Find the line holding "Sport Bilder des" in the entries below. Give it again exactly, along with every line after it up to and including the line holding "Mitsubishi ASX - 12".
===== DATA UNDER STUDY =====
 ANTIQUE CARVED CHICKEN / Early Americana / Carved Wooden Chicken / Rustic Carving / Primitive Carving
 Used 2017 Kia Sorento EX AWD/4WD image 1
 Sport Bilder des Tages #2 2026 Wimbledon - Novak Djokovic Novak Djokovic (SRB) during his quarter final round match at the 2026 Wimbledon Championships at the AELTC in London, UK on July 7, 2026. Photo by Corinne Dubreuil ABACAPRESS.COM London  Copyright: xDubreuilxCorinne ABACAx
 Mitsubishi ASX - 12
=====
===== DATA UNDER STUDY =====
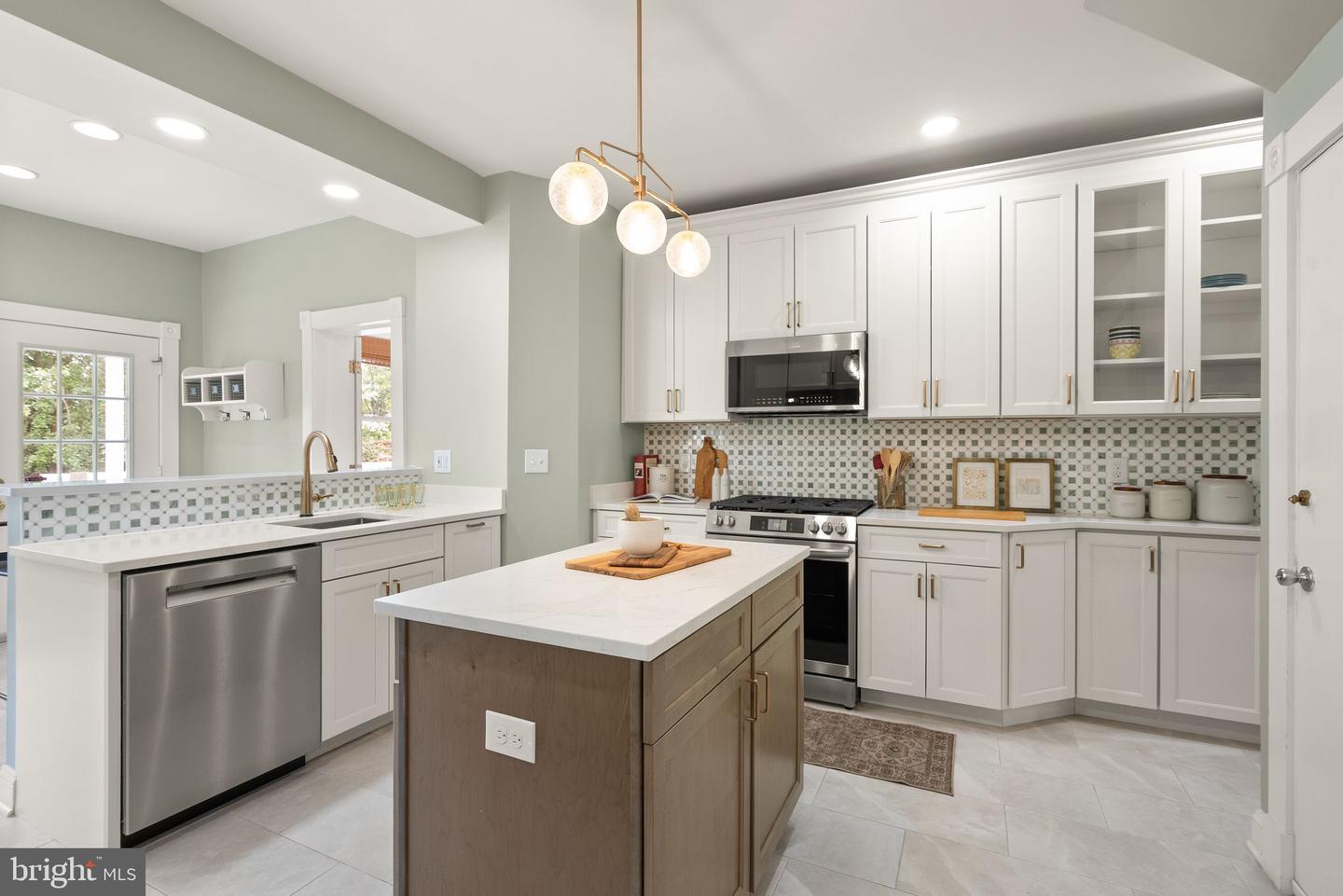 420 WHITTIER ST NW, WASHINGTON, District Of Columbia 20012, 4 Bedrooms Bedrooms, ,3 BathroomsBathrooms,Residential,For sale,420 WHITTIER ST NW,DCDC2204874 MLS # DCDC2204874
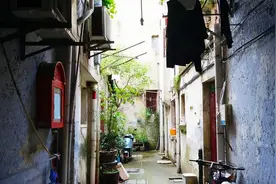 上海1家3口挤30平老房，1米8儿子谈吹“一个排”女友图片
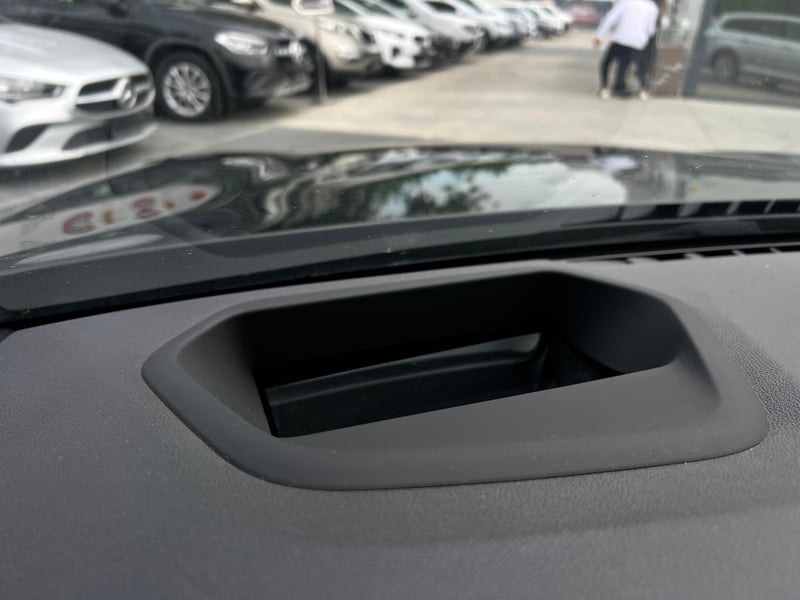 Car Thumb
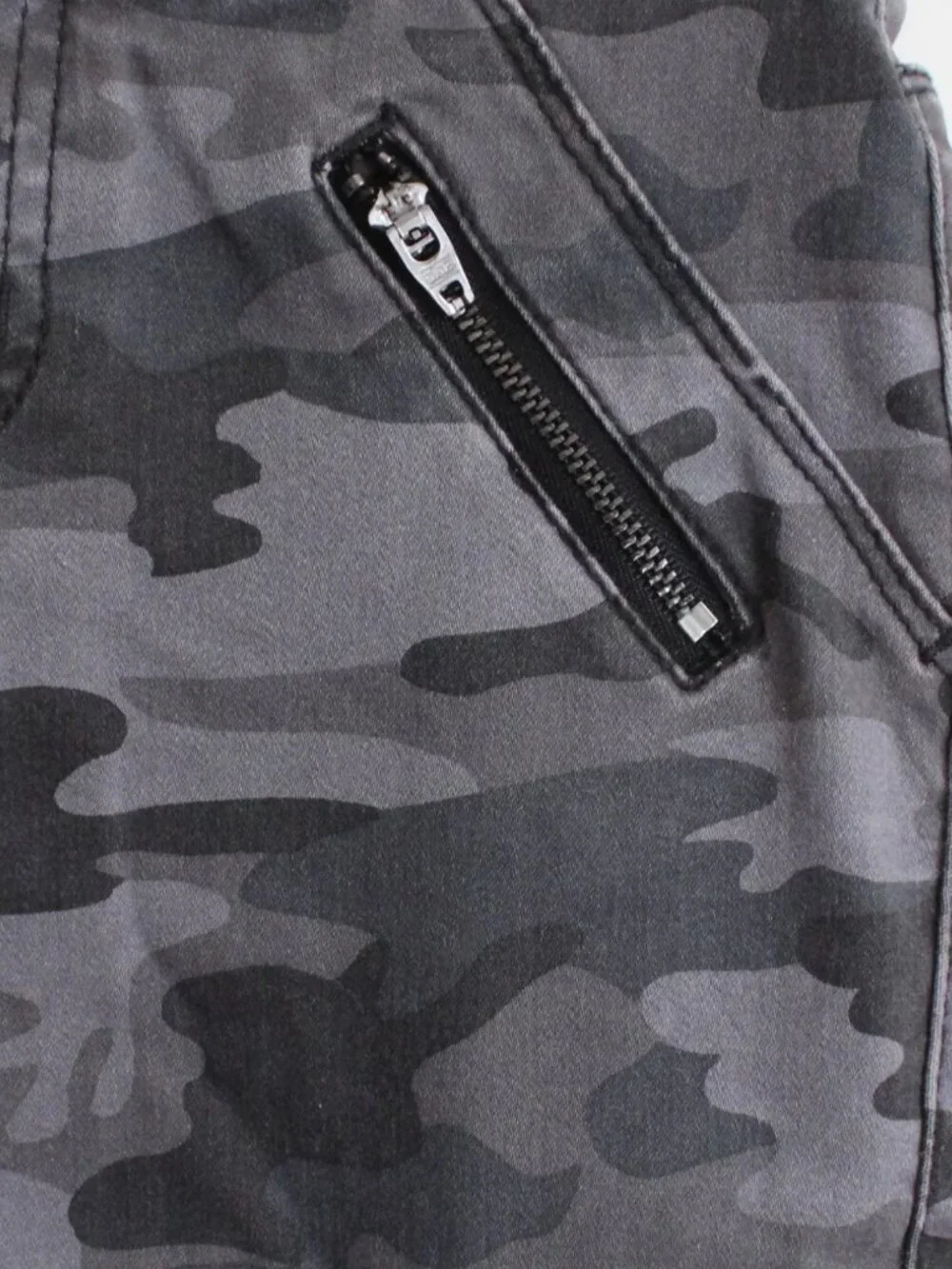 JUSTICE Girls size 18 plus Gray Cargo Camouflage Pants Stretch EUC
=====
- [RESPONSE BELOW]:
 Sport Bilder des Tages #2 2026 Wimbledon - Novak Djokovic Novak Djokovic (SRB) during his quarter final round match at the 2026 Wimbledon Championships at the AELTC in London, UK on July 7, 2026. Photo by Corinne Dubreuil ABACAPRESS.COM London  Copyright: xDubreuilxCorinne ABACAx
 Mitsubishi ASX - 12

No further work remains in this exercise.